Scientists from The Hong Kong University of Science and Technology, and the University of Illinois Urbana-Champaign, have presented ScaleBiO, a unique bilevel optimization (BO) method that can scale up to 34B large language models (LLMs) on data reweighting tasks. The method relies on memory-efficient training technique called LISA and utilizes eight A40 GPUs.
BO is attracting attention due to its usefulness in machine learning, hyperparameter optimization, meta-learning, and reinforcement learning. However, it remains underexplored for large-scale problems, mainly due to the mutual interdependence between the upper and lower levels, making it computationally challenging.
In BO, the solution to the outer problem depends on the solution to the inner one, split into two categories – approximate implicit differentiation (AID) and iterative differentiation (ITD). Both these approaches are computationally expensive for large-scale problems.

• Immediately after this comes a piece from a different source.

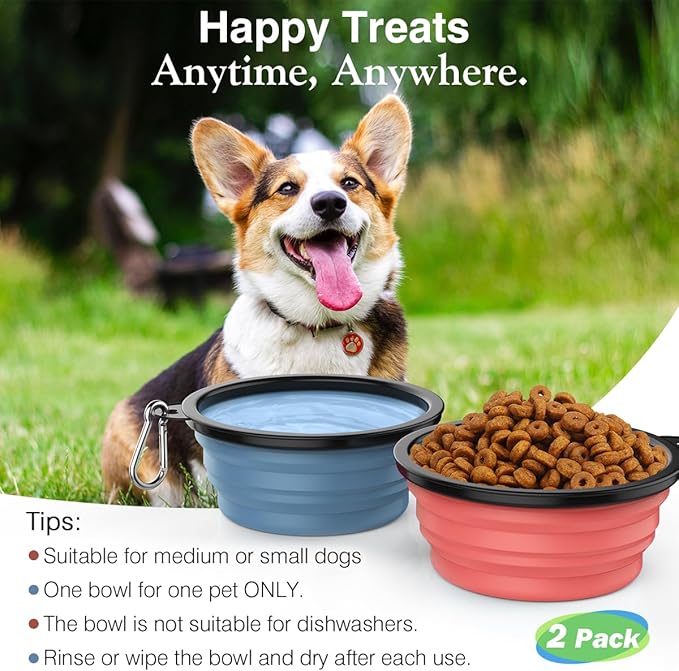 Pawaboo Collapsible Dog Bowls 2 Pack, Silicone Feeding Watering Bowls with Lids & Carabiners for Dogs Cats, Portable Water Feeder Food Bowl for Walking Traveling Home Use, 1000ml, Light Pink + Blue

The scientists’ work also delves into data reweighting, where the proportion of training data has a sizable impact on LLM performance. After discussing various methods to reweight optimal training data, it is concluded no method assures optimal data weights, and there have been no notable experiments on models bigger than 30 billion parameters.
ScaleBiO, however, is the first BO method to scale successfully in LLMs of such large sizes and shows promise in real-world applications. It optimizes learned data weights effectively while offering a convergence guarantee similar to first-order BO methods geared towards smooth, strongly convex objectives.

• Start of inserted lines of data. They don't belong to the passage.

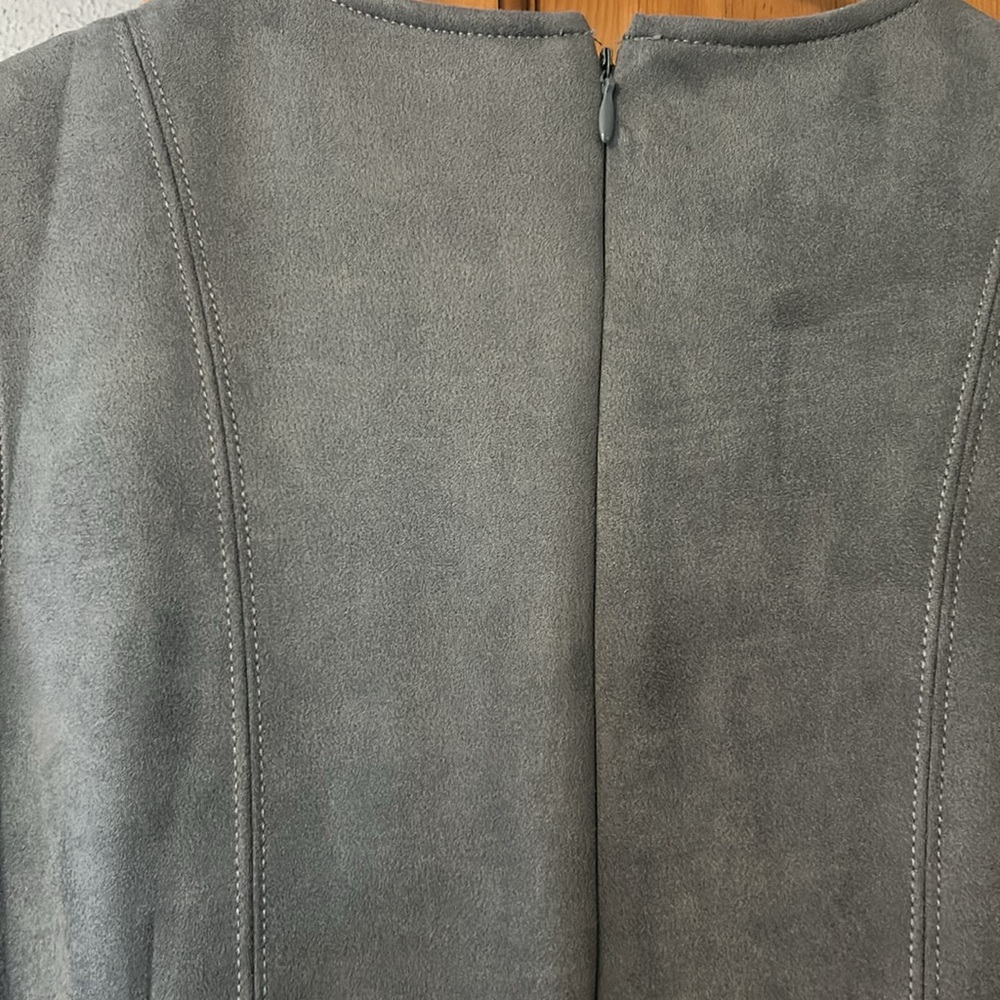Ultrasuede Ann Taylor midi dress - dove grey. Sz 0. - Picture 3 of 4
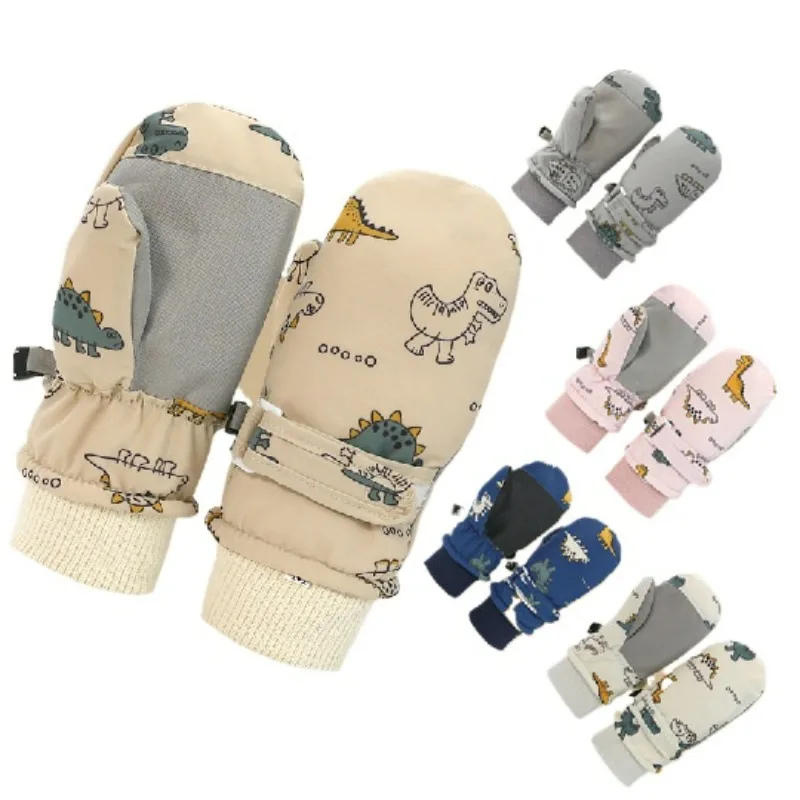 

Children's Gloves, Warm Cartoon Dinosaur Baby Skiing Gloves, Winter Velvet Warm, Waterproof, Quick Drying, Non Slip Gloves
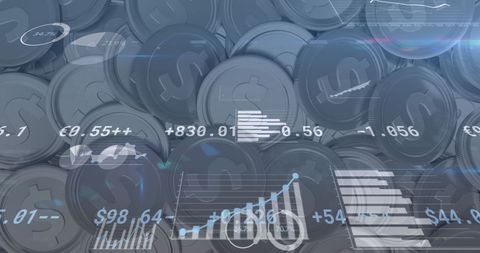 Digital Financial Data Processing Over Silver Coins Background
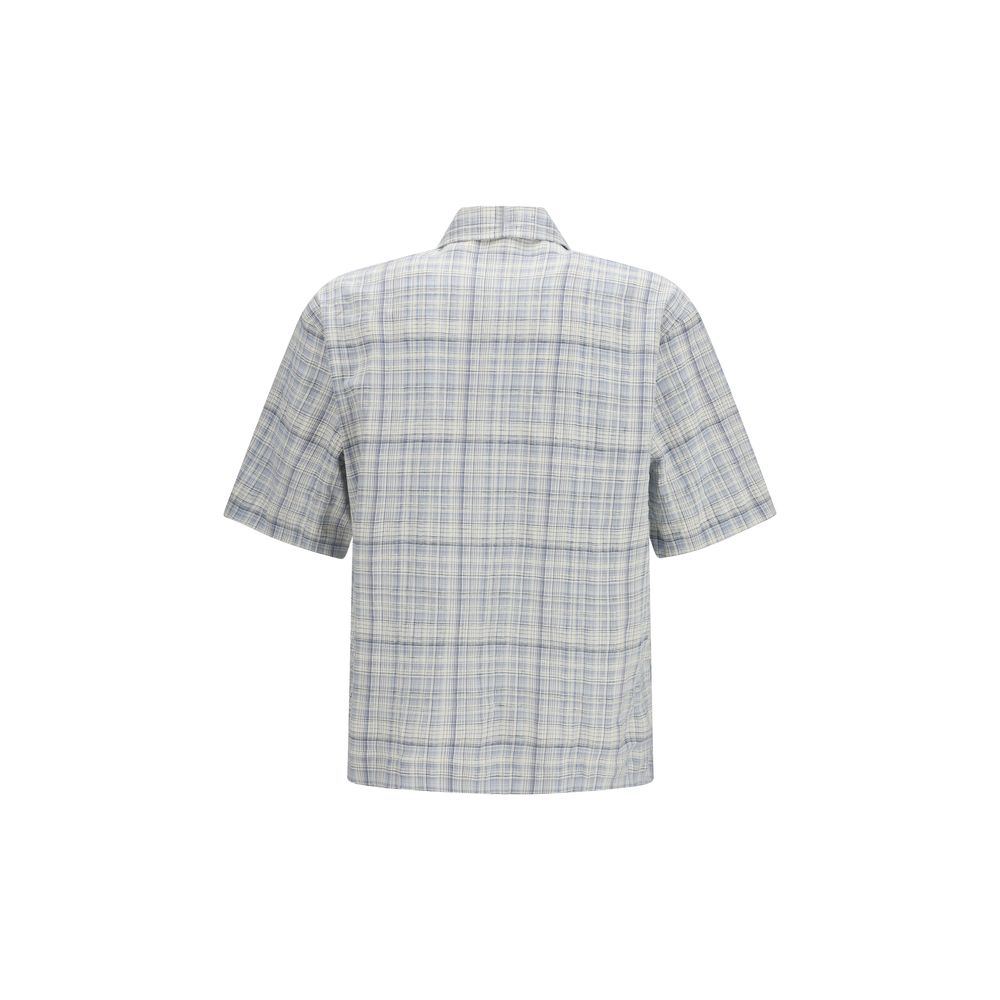 Blue Cotton Pattern Shirt - ventzia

Experiments in data reweighting show that ScaleBiO works efficiently on varying model sizes and can filter irrelevant data to select only meaningful samples. In small-scale language models like GPT-2, experiments revealed its effectiveness on synthetic data tasks like data denoising, multilingual training, and instruction-following fine-tuning.
The evaluation of ScaleBiO uses 3,000 data from each source for reweighting, and then 10,000 data are sampled based on BO-derived final weights to train the model. Applying learned sampling weights for fine-tuning of LLaMA-3-8B and LLaMA-3-70B demonstrated ScaleBiO’s effectiveness.
While ScaleBiO offers an efficient way to boost model performance, testing its effectiveness on large-scale pre-training still needs to be conducted, a task requiring extensive computational resources. Thus, confirming its success with large-scale fine-tuning settings could be a significant first progress indicator.